Showing posts with label Paul Tumey. Show all posts
Showing posts with label Paul Tumey. Show all posts

Sunday, March 26, 2017

Say It Ain't Cole

Friday Comic Book Day.

In the mid to late forties Plastic Man creator reinvested his commitment to his publisher Quality comics. Before that he had given more and more parts of the creation of his strips to other hand, possibly in an effort to produce as many stories as possible. But at a certain point, you can see him returning to Plastic Man, introducing new characters and helping out others to do the same.

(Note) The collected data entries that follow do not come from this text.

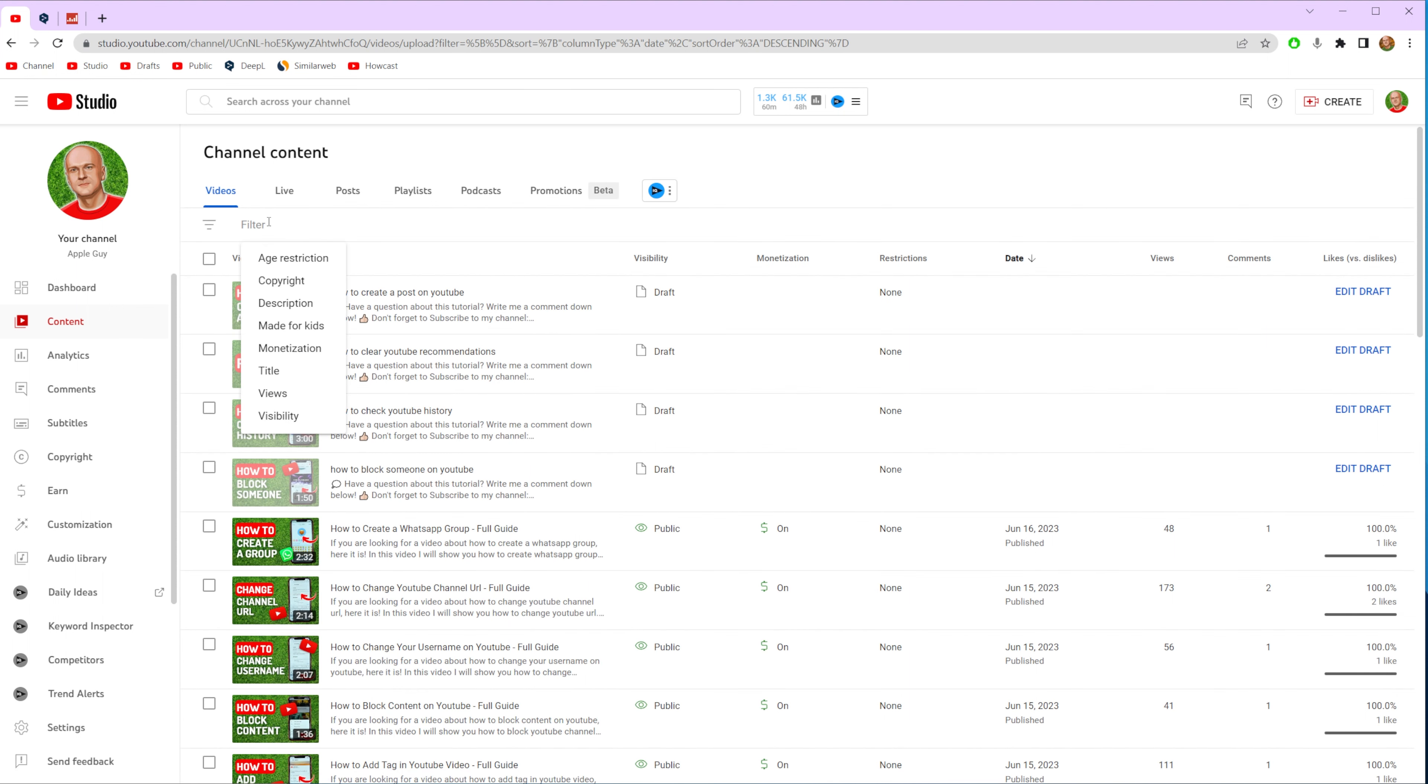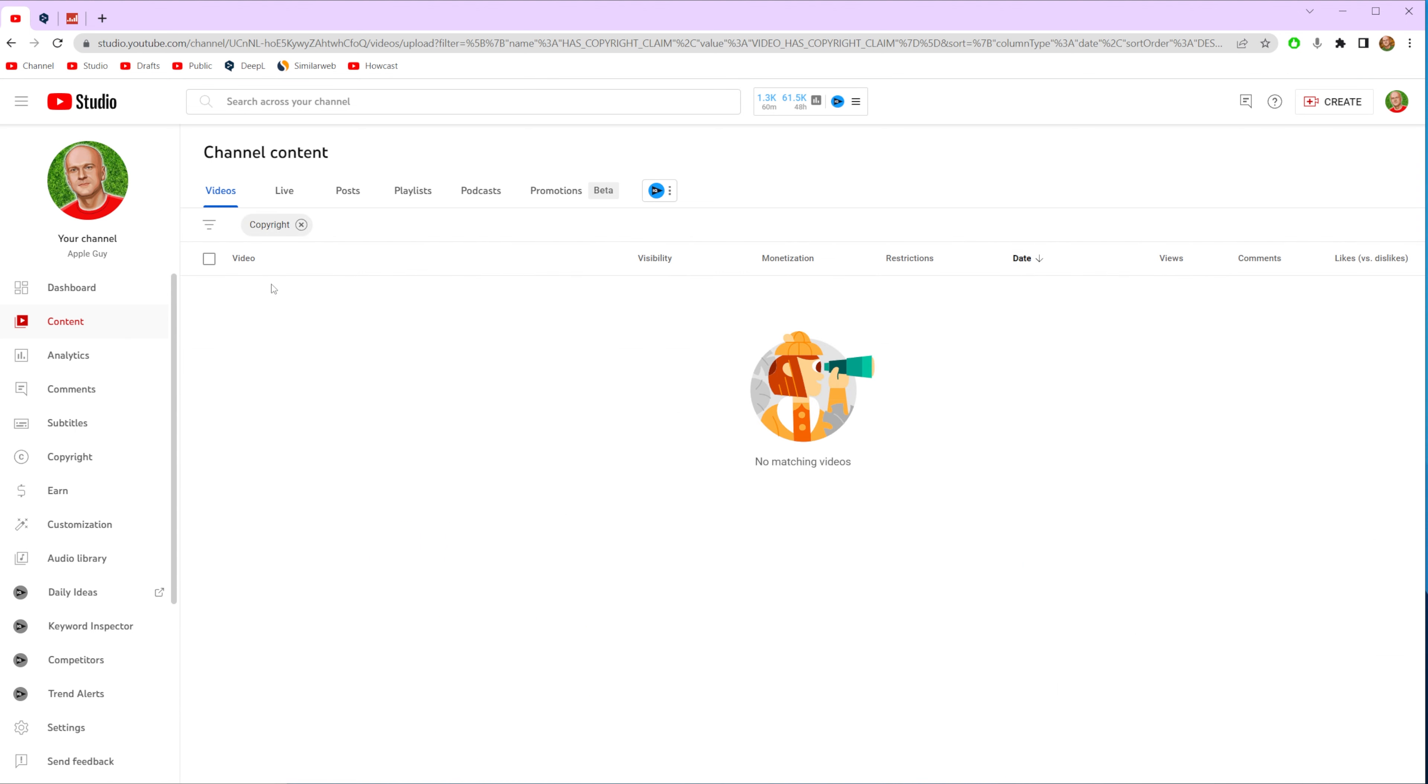Then click at filter and choose copyright. As you can see now I don't have any videos with copyright strikes, however if you got some you will easily find these videos here and then you will be able to check the details for each particular video.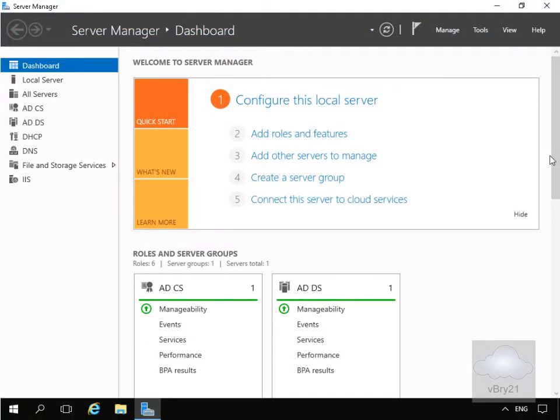In this demonstration we're going to look at configuring cluster aware updating. This is a feature that allows administrators to update cluster nodes automatically with little or no loss in availability during the update process.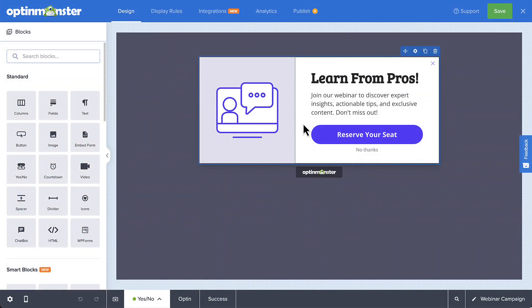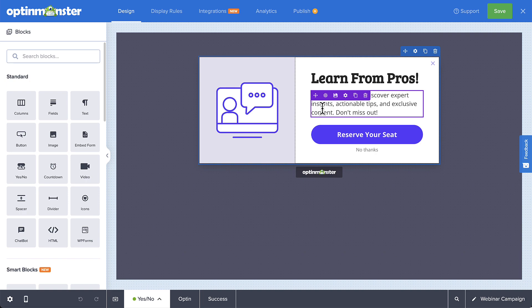In the Campaign Builder, hover over a text box in your campaign and select the Smart Optimizations icon.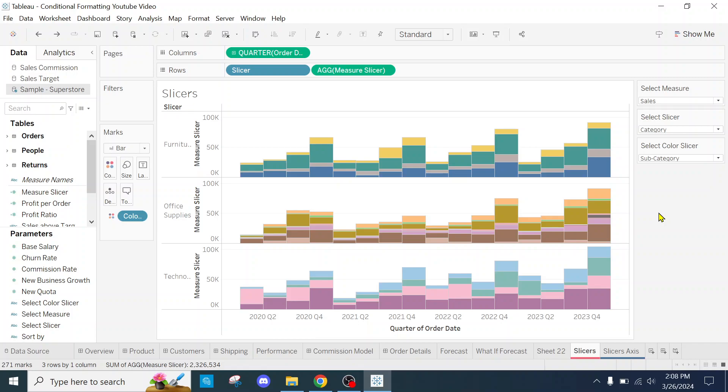Welcome back to the Tableau Jedi channel. Today I want to talk about dynamic axis titles.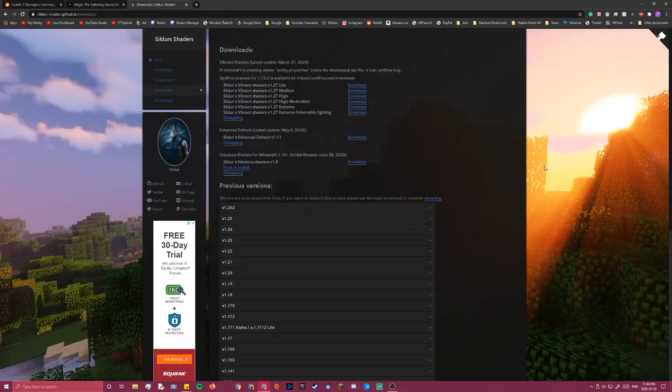To get shaders, you'll have to go to this website, the link for it will be in the description. I am on the download page right now.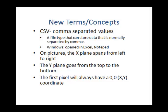So, to recap. Our new terms and concepts are CSV, or Comma Separated Values file, a file type that can store data that is normally separated by commas. On Windows, it can be opened in Excel or Notepad.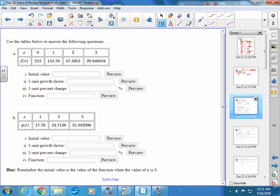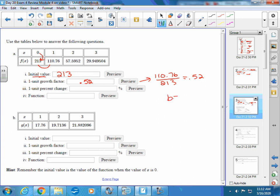Number 9 on your review uses tables. When you see an x-value of zero, that's your initial value — here it's 213. For the one-unit growth factor, take Y2 divided by Y1: 110.76 divided by 213 gives 0.52. So the one-unit growth factor, your B value, is 0.52. For the percent change, subtract 1: 0.52 minus 1 is negative 0.48, then move the decimal to get negative 48 percent.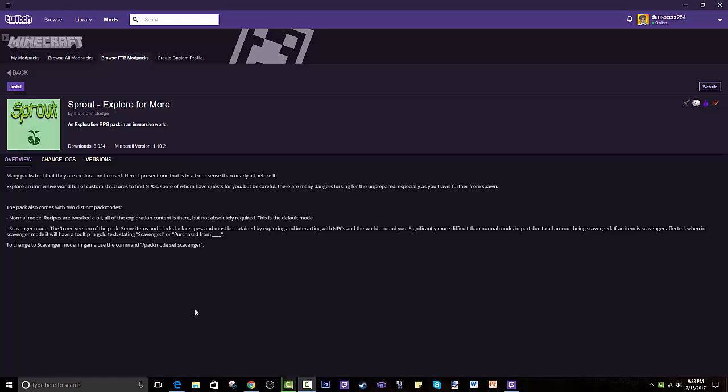Hey guys, welcome back to another tutorial. Today I'll be showing you how to install Sprout, the modpack. It's called 'Explore for More' made by the Phonics Lodge. It's basically an exploration RPG pack in an immersive world. I'll get into the overview later.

Here are two stories I sent to Jack Cole expert Paul Tumey with the question if I was right to see Cole hand in these two stories. Paul replied that he saw why I would say that, but he feels it might just as well have been the work of Cole previous collaborators and style imitators, like Alex Kotzky. Main thing I see it that neither of these stories is by their regular creator. Her Highness, about an old lady running a group of gangsters, was usually done by Gill Fox. here the style is to wild and to lively to be by Fox. The characters expressions, the look of the ladies and the use of oddly shaped panels all remind me of Cole. The second story, Bob and Swab (named for a navy slang expression for a certain sexual combo delivered by some of the ladies they met on their travels) usually is by Klaus Nordling, although Cole is known to do a couple as well. Here we are left inbetween. The figures have Nordling's touches, but the layout and the action is more Cole style.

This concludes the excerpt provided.